Raw data =>
____
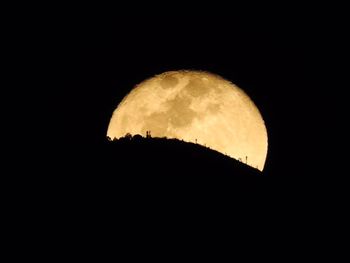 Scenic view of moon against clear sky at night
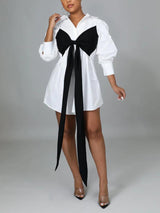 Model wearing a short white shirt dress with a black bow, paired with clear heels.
____
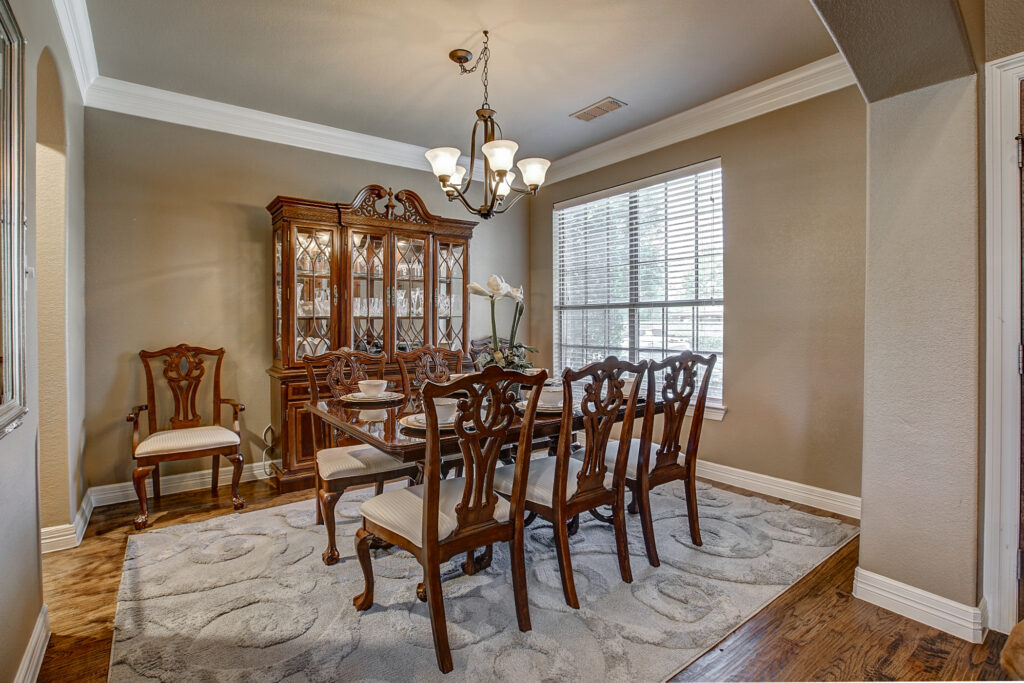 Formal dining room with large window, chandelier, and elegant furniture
____
Task => Would you set down only the lines above from the line with "Scenic view of" to the line with "Model wearing a", both included, exactly as they stand and without the pictures?

Output for this task =>
 Scenic view of moon against clear sky at night
 Model wearing a short white shirt dress with a black bow, paired with clear heels.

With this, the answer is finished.